Monday, April 05, 2010

Closeted (but not how you think)

A few weeks ago Ada decided to make a nest on her bedroom floor. Blankets, pillows, stuffed toys, all surrounding her in a cozy circle. Like many young children, Ada loves making nests, caves and other tight-space hideaways. (The mom of a friend mentioned once that kids are actually hardwired to like little spaces. Maybe they like spaces that make them feel bigger, or is it just the desire to carve out personal space, even temporarily?) The night the nest was made, Ada decided she wanted to sleep there too. Although a little concerned that sleeping on the floor might not be entirely comfortable for a kid used to a mattress, we okayed this experiment. One night turned into a few nights, and then a week. She seemed to be sleeping fine, so we let it go.

Not that there weren't down-sides. At some point the nest became a boat, and I was harshly reprimanded for mis-identifying it to visitors. More annoying, to get to Ada's dresser I had to step on (and face scolding) or around the now-boat. It finally occurred to me that if a small space was what she wanted, I could give Ada a new option that would remove the nest-boat from the middle of her room. I suggested to Ada that I clean out her 7 foot deep closet and help her make a nest space in there. It is almost as if I had suggested we buy a unicorn and stable it in the back yard. (I believe the words "you are the best mama ever" were involved.)

So I cleaned out Ada's closet while the babies slept and Ada played with (and in) the bassinet that had been shoved in the closet since the babies finished with it six months back. I made a big pile of clothes to donate, found homes for the few dresses and shirts that I want to save, and restacked and organized the items that needed to stay in the closet. Our friend Ellen loaned us a papasan cushion that had been sitting unused in her basement. Ada and I dragged it home and she happily set up her new bed space. All was well in the world.

About a week after Ada started sleeping in her closet-bed, the father of a friend told me that Ada had asked if she could sleep at the friend's house some night. He tried to determine if that might work, and he and Ada had talked about how much light she needed for sleeping. The dad said: "Ada said she uses a little light in the closet where she sleeps" and then he gave me a little smile of the type you give when you think there is a good explanation for a situation, but without it things sound kind of, well, odd. I explained why Ada is sleeping in the closet, and luckily the dad is the understanding parent of a child who has had her own sleep issues over the past year.

So yes, my daughter is sleeping in the closet, for however long that appeals to her. When friends come over they play in the closet, and every time I go in to read books with Ada I find toys and game pieces strewn about the space. It feels like a cheap way to make Ada happy. Plus, I remember enough about being a kid to kind of wish that I had my own little nest-ship-cubby space too.

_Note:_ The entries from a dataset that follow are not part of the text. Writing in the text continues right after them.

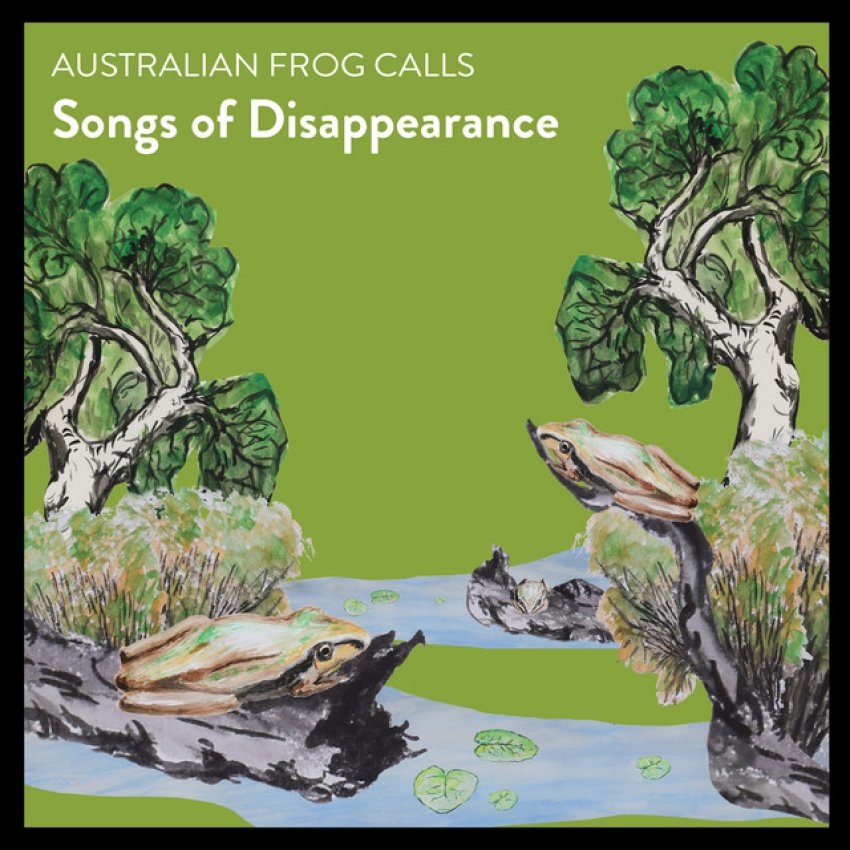 SONGS OF DISAPPEARANCE - AUSTRALIAN FROG CALLS album artwork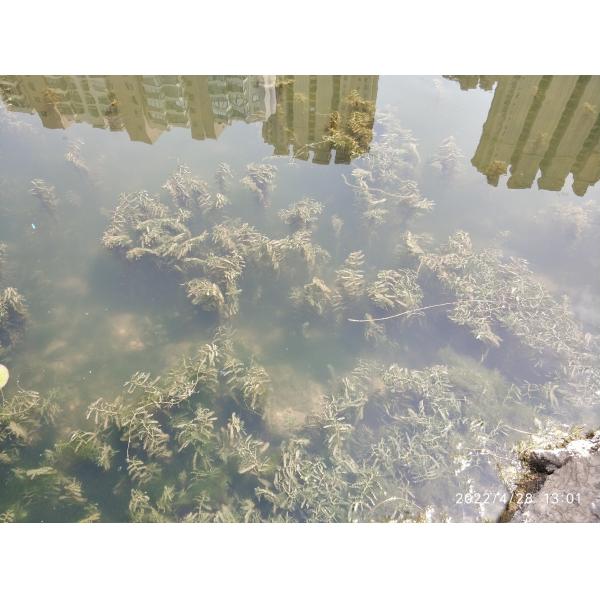 Stainless Mesh Water Hyacinth Water Moss Reed Collection Boat With Storage Bucket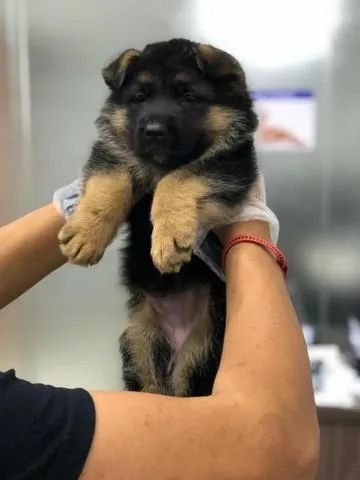 Pastor Alemão - Filhote macho - Adquira de loja com segurança - 11.949.33.76.34 - Foto 3
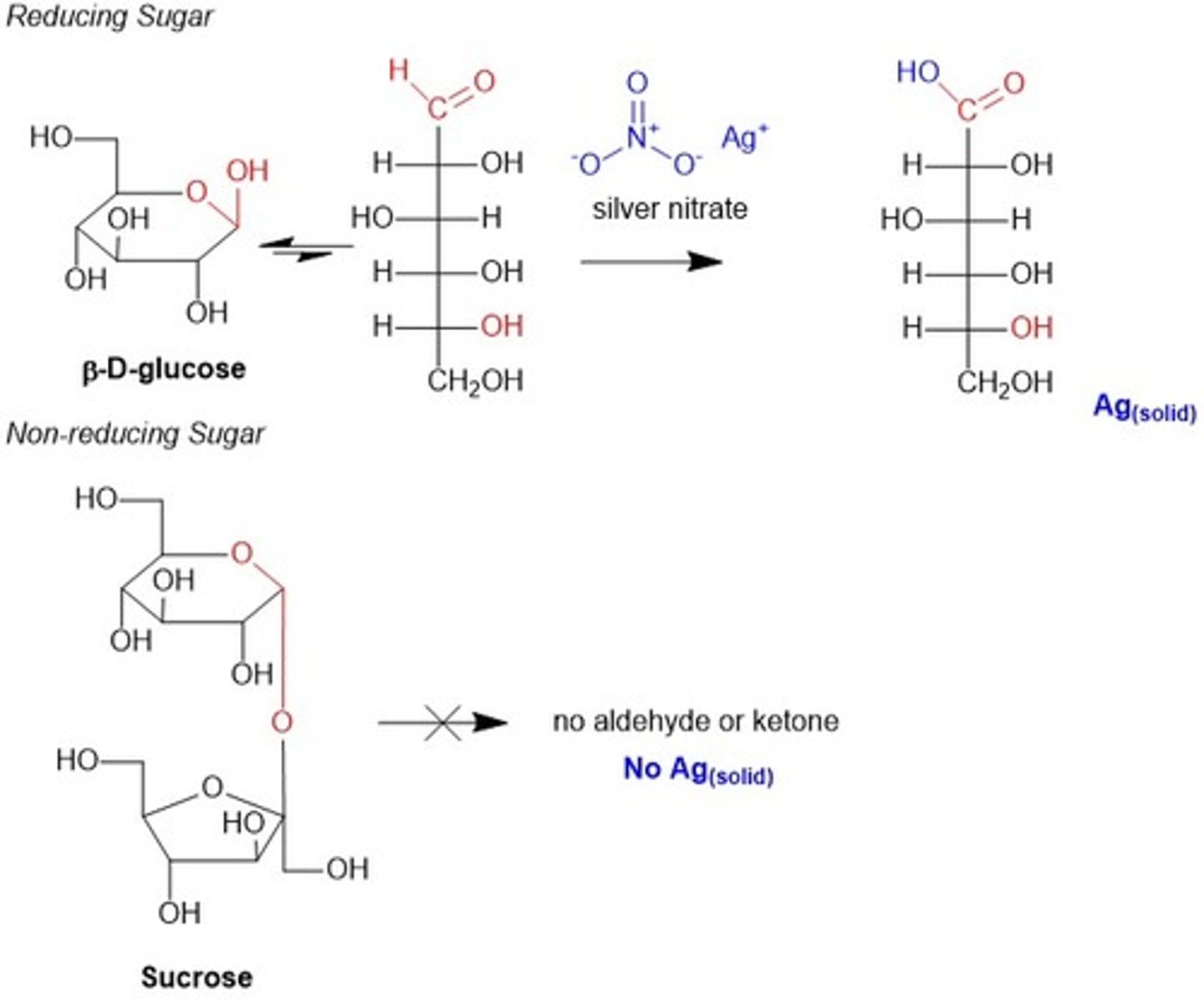 <p>Lactose and mannose have an anomeric carbon that can undergo mutarotation to form an aldehyde group, which can be oxidized and act as a reducing agent.</p><p>Sucrose is considered a nonreducing sugar because it does not have an anomeric carbon available for mutarotation. Both sugar monomers are trapped in their cyclic forms.</p>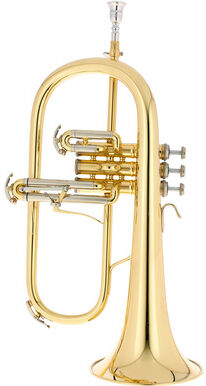 B&S 3145-L Challenger I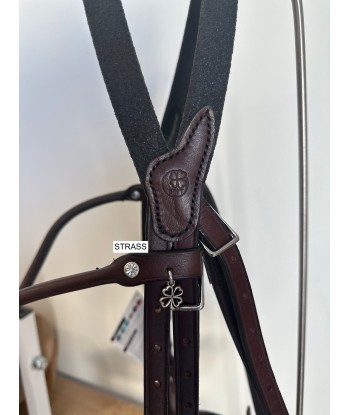 BRIDON ÉVOLUTION POUR HACKAMORE | SANS BRANCHES - IHWT frontal vague et Strass prix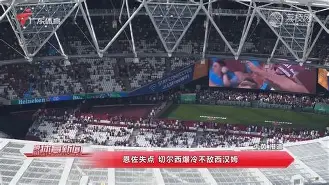 田径夜战：塞北飞鹰队淘汰对手滇池犀牛队，临门一脚致胜重拾自信的夜晚-开云（中国）官方网站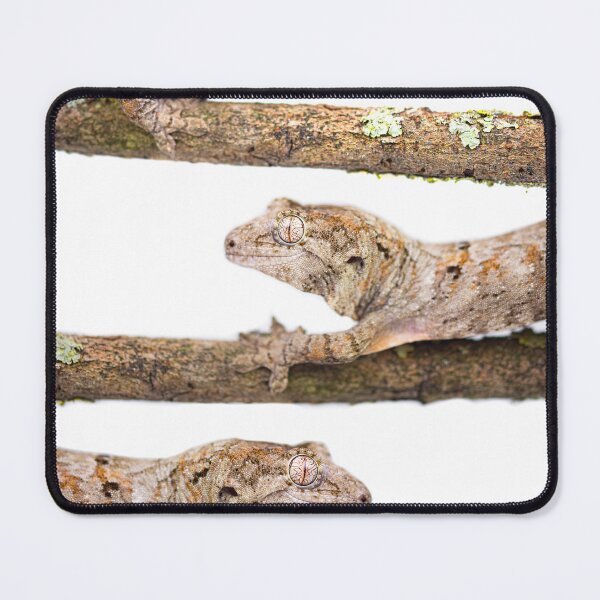 Item preview, Gargoyle Gecko Macro: Natural Branch Portrait designed and sold by The Greenhouse Studio.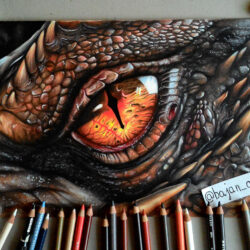 Dragon Eyes Drawing Professional Artwork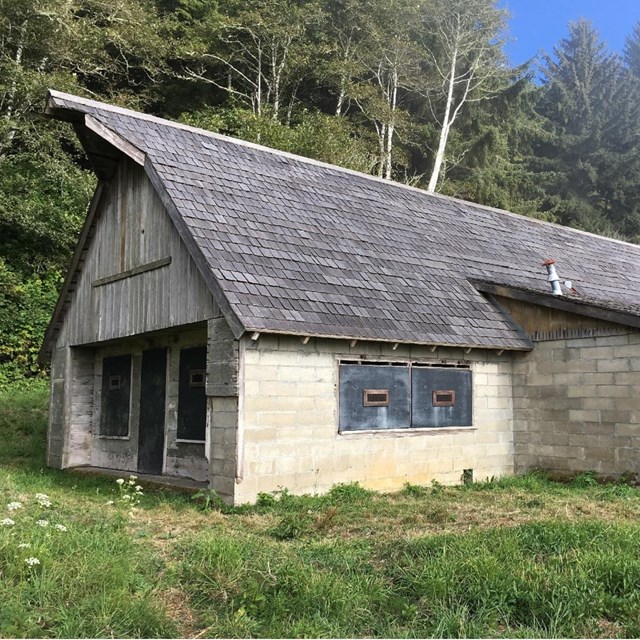 grey, weathered one story farmhouse in green field.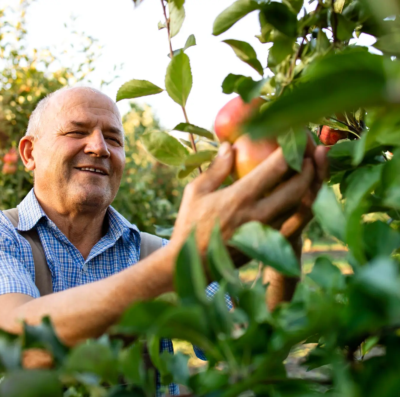 Cooperativismo financeiro amplia crédito rural e impulsiona agronegócio em Goiás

  1. And you can always say (even if it's not true): "She is an avid fan of Harry Potter and expects to trigger a career in magic by sleeping in a closet the first years of her life." That should at least avoid any more questions =)

  2. Post pictures of the nest/closet, please!
    (Said the aunt who sleeps in a closet.)

  3. Sounds fun to me! Like a clubhouse kind of space.

  4. It sounds fun to me, too! --- When we moved into our new house, my then-6- and 4-year-old kids finally had rooms of their own. They liked to play in their own rooms but for several months my son (the oldest) slept on the floor of his sister's room.

  5. Both of our kids love tents. And a friend's son slelpt on the floor of his room for about 6 months. Don't know why but he just refused his bed.
    There is something about small spaces and also a space of your own making.

  6. I wonder if the hard-wiring has to do with protecting oneself from predators?

    Neither of ours have gone quite that far, though dudelet does have an active interest in making dens and spaceships. Little elf (2) sets out quite abstract spaces, however, like carefully laid out blankets, and defends them ferociously.

  7. And don't you sort of remember all those 'why not' wishes. The wishes you had that a parent might say no to, but why.

    This is a real why not. It is a fun and free and independence giving wish to fulfill. Good for you, n' her.

  8. that is awesome. I would have loved doing that. I'm jealous.